◆ What you will do ◆
Reproduce the whole listing exactly, omitting any picture it holds.

◆ ◆ ◆ ◆

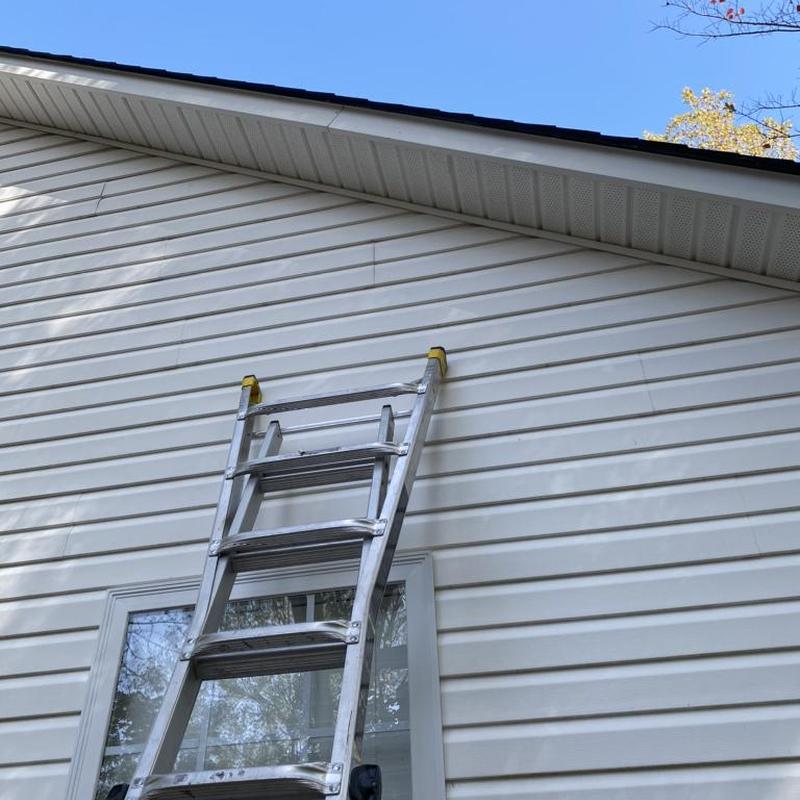 Metal bent fascia with ladder against house exterior
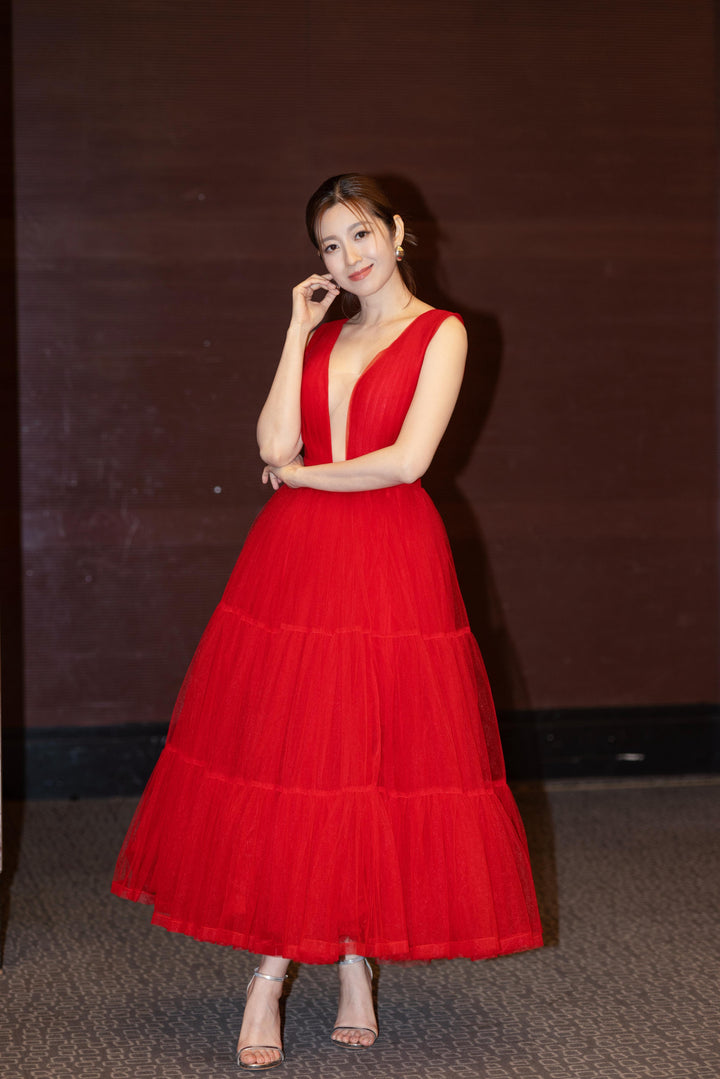 Woman artist  in a red dress posing 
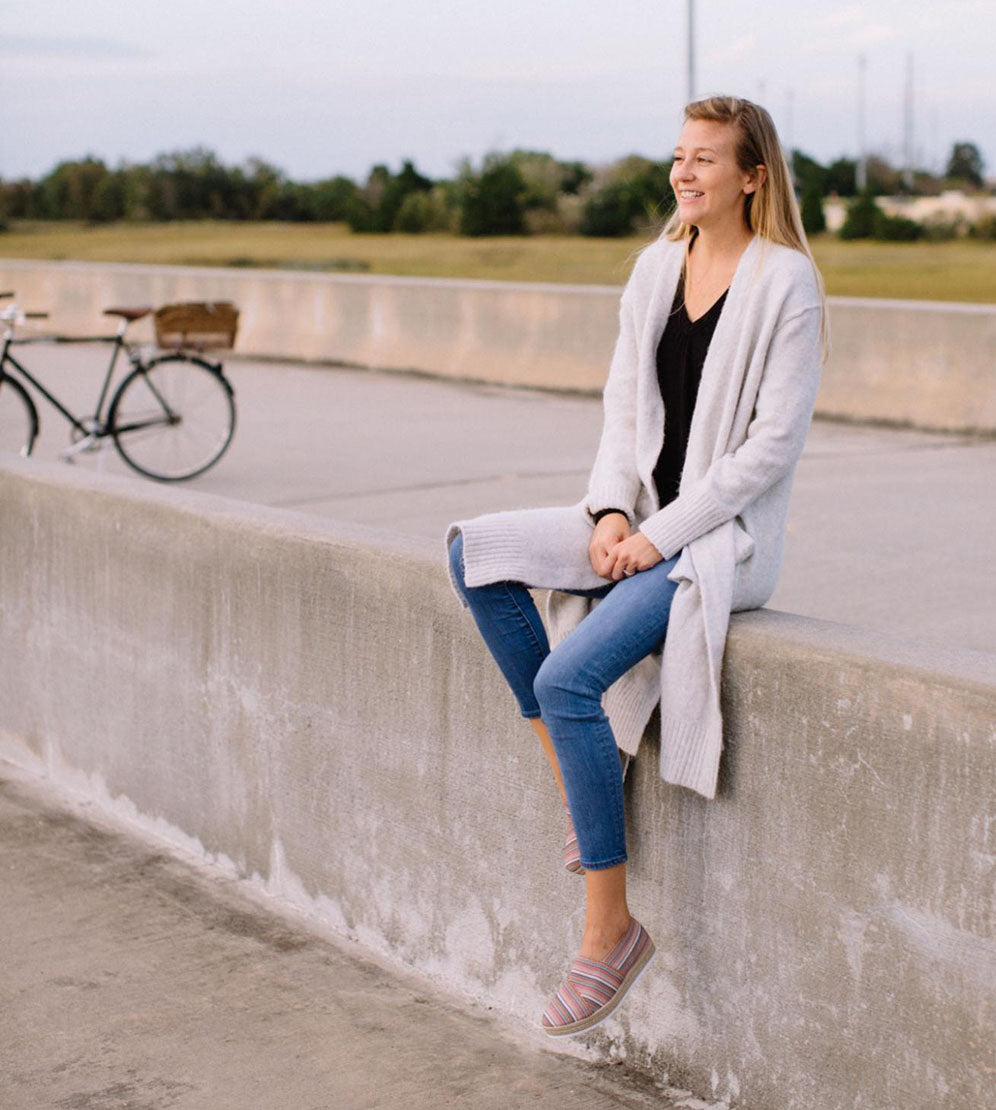 smiling woman sitting on side of road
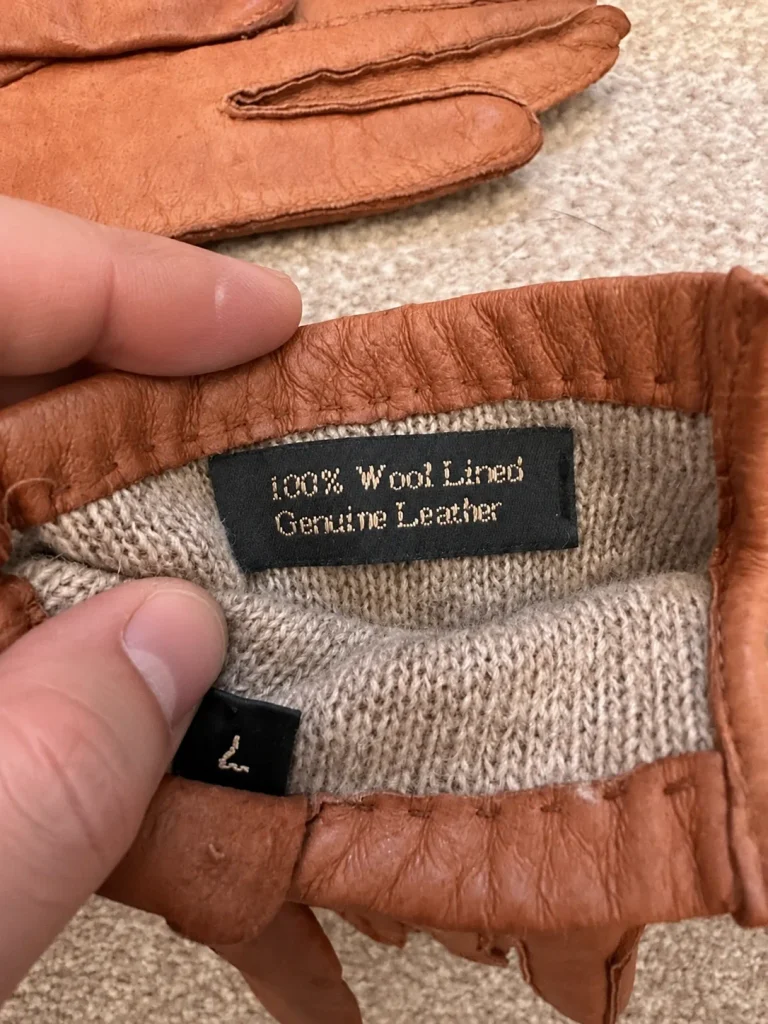 Inside cuff label reading 100% Wool Lined and Genuine Leather beside a size L label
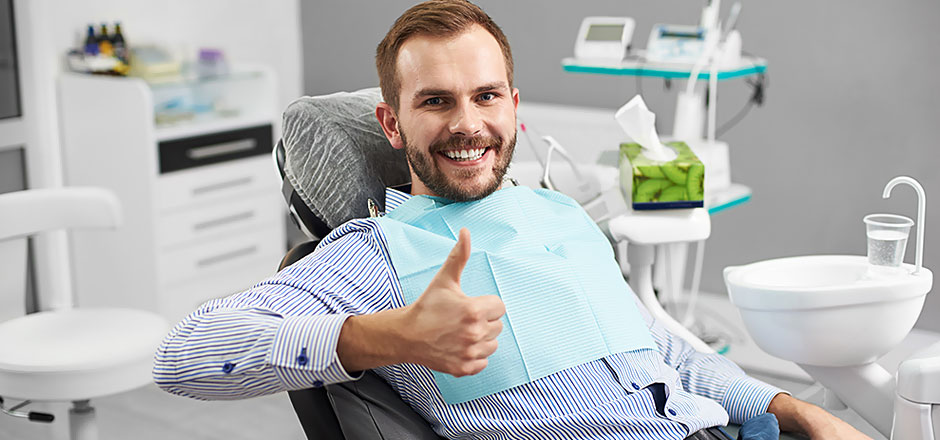 patient gives thumbs-up to dental cleaning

◆ ◆ ◆ ◆

◆ Output for this exercise ◆
 Metal bent fascia with ladder against house exterior
 Woman artist  in a red dress posing 
 smiling woman sitting on side of road
 Inside cuff label reading 100% Wool Lined and Genuine Leather beside a size L label
 patient gives thumbs-up to dental cleaning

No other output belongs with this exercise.